Dataset extract
┄┄┄┄┄┄

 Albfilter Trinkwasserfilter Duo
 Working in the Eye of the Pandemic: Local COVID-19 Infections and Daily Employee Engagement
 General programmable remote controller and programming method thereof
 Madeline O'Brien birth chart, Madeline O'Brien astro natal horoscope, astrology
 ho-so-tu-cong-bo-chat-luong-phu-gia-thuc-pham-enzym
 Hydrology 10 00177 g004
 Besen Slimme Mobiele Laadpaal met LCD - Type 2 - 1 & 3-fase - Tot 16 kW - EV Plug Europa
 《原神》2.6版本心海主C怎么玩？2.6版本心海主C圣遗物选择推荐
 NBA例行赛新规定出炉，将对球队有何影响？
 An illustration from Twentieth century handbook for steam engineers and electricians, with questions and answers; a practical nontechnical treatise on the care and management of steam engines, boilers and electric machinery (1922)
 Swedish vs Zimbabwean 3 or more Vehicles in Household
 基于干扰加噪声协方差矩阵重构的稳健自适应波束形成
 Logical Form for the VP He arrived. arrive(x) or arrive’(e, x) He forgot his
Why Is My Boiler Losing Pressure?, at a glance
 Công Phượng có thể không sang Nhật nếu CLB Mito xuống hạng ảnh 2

┄┄┄┄┄┄

Exactly as given, repeat each line above.

Task solution
 Albfilter Trinkwasserfilter Duo
 Working in the Eye of the Pandemic: Local COVID-19 Infections and Daily Employee Engagement
 General programmable remote controller and programming method thereof
 Madeline O'Brien birth chart, Madeline O'Brien astro natal horoscope, astrology
 ho-so-tu-cong-bo-chat-luong-phu-gia-thuc-pham-enzym
 Hydrology 10 00177 g004
 Besen Slimme Mobiele Laadpaal met LCD - Type 2 - 1 & 3-fase - Tot 16 kW - EV Plug Europa
 《原神》2.6版本心海主C怎么玩？2.6版本心海主C圣遗物选择推荐
 NBA例行赛新规定出炉，将对球队有何影响？
 An illustration from Twentieth century handbook for steam engineers and electricians, with questions and answers; a practical nontechnical treatise on the care and management of steam engines, boilers and electric machinery (1922)
 Swedish vs Zimbabwean 3 or more Vehicles in Household
 基于干扰加噪声协方差矩阵重构的稳健自适应波束形成
 Logical Form for the VP He arrived. arrive(x) or arrive’(e, x) He forgot his
Why Is My Boiler Losing Pressure?, at a glance
 Công Phượng có thể không sang Nhật nếu CLB Mito xuống hạng ảnh 2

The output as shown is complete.